* ACTION ITEM
Return all the lines below exactly. Any picture among them is omitted.

* MATERIAL PROVIDED
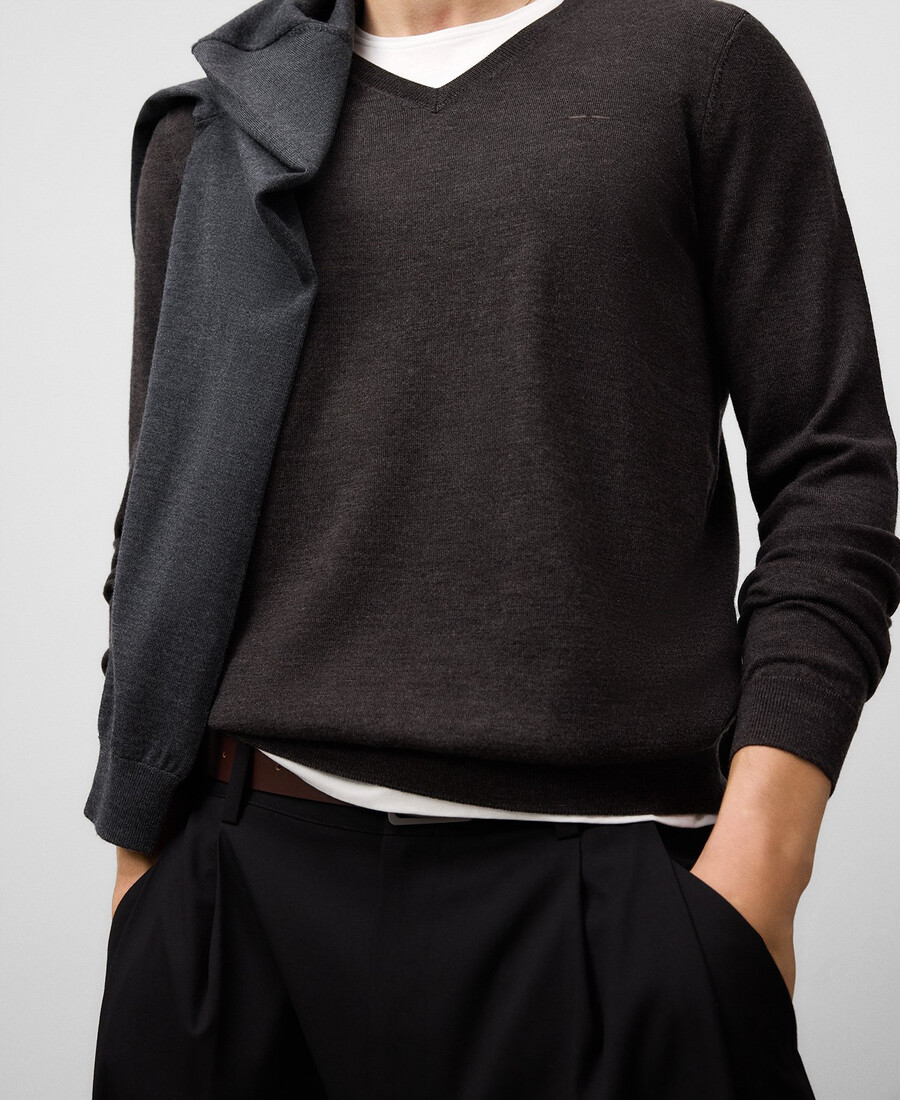 herrenpullover aus merinowolle mit v-ausschnitt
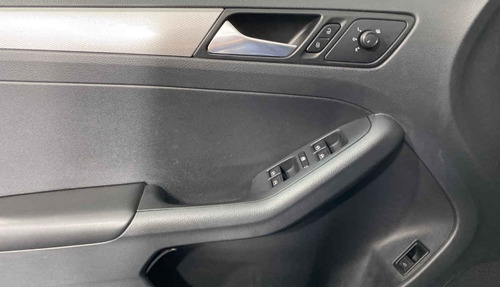 Imagen 8 de 15 de 119904 - Volkswagen Jetta 2015 Con Garantía
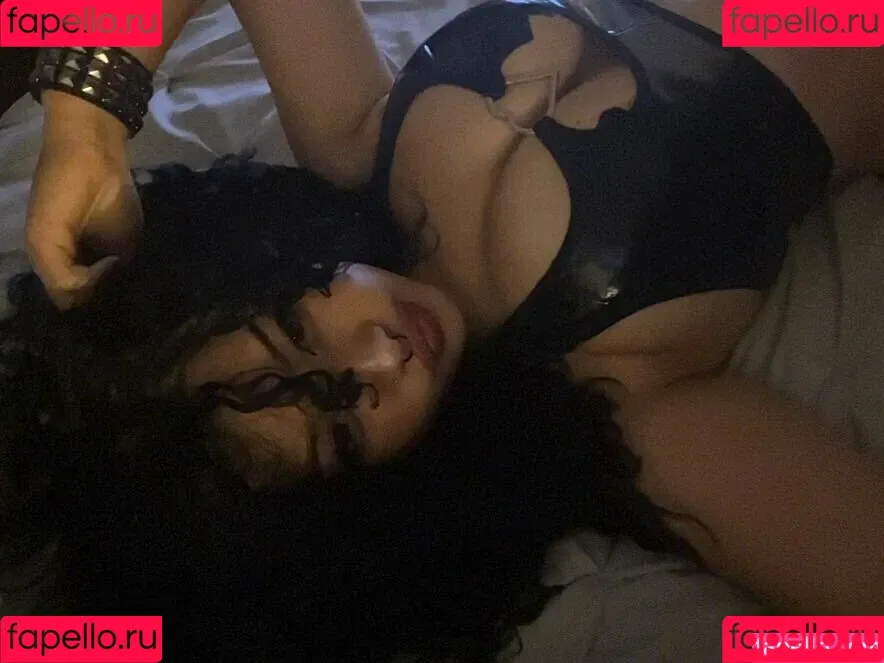 ohthasmat Onlyfans Photo Gallery 
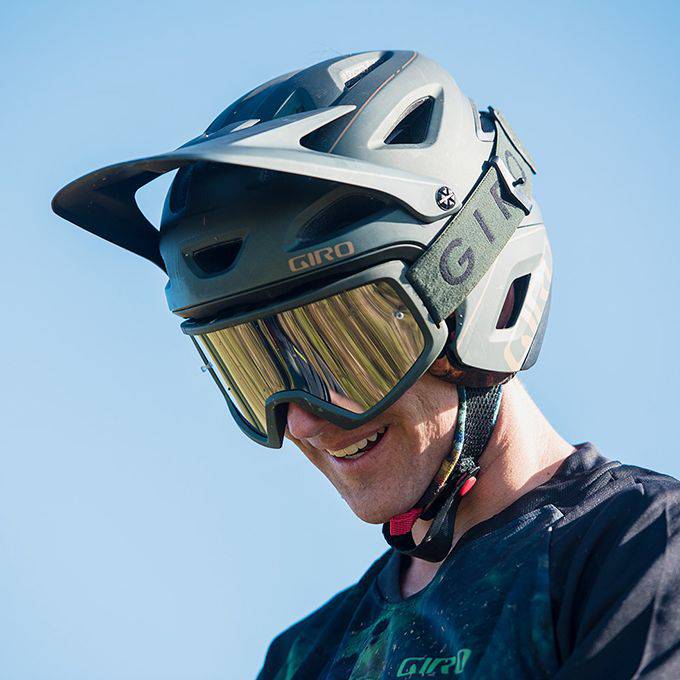 Giro bike 2025 helmet with visor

* ANSWER TO THIS EXERCISE
 herrenpullover aus merinowolle mit v-ausschnitt
 Imagen 8 de 15 de 119904 - Volkswagen Jetta 2015 Con Garantía
 ohthasmat Onlyfans Photo Gallery 
 Giro bike 2025 helmet with visor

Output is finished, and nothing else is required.